Converting Spherical Equations to Cylindrical and Rectangular

[DeadxBunny]

Question:

(Note: p=rho and o=phi)
Convert p(1-2cos^2(o))=-psin^2(o) into cylindrical and rectangular coordinates and describe or sketch the surface.

The part that I don't know how to do is converting the spherical equation into cylindrical or rectangular coordinates. I know all the equations like x=psin(o)cos(theta) and y=psin(o)sin(theta) but I don't see how I can manipulate the given equation so that I could use those equations. Any help would be greatly appreciated!

 

[cepheid]

Don't try manipulating them directly. Look at the geometry.Yeah...I'm working w/ spherical coord systems as well a lot in Electromagnetism right now.

Think about what it means for something to be radially outward...sweeps out a sphere...every point equidistant (\rho) no matter the direction:

\rho = \sqrt{x^2 + y^2 + z^2}

For some reason our convention in physics class is opposite what we did in math (our thetas and phis are reversed from yours. No matter...I'll convert)

See the projection of \rho onto the xy plane? It represents a line "radially" outward in that plane i.e.:

\rho\sin\phi = \sqrt{x^2 + y^2}

This projection into the plane forms a right triangle with z, the hypotenuese of which is \rho.

The angle between z and \rho is just \phi, so from the geometry of the right triangle:

\phi = \tan^{-1}\left(\frac{\sqrt{x^2 + y^2 }}{z}\right)

It shouldn't be too hard to see that the azimuthal angle (\theta in your case) is given by:

\theta = \tan^{-1}\left(\frac{y}{x}\right)

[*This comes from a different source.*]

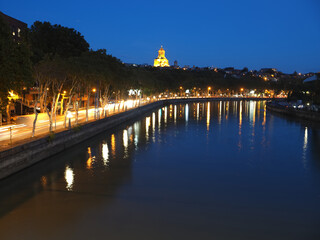 Tbilisi embankment of the Kura River © Yosef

After all that, cylindrical coords should be easy

 

[HallsofIvy]

You know x= ρcos(θ)sin(&phi), y= ρsin(θ)sin(φ), z= ρcos(φ) but you need to know them the other way:


\rho= \sqrt{x^2+ y^2+ z^2}
\theta= arctan(\frac{y}{x})
\phi= arccos(\frac{z}{\sqrt{x^2+y^2+z^2})

Replace each occurance in your equation by the corresponding formula.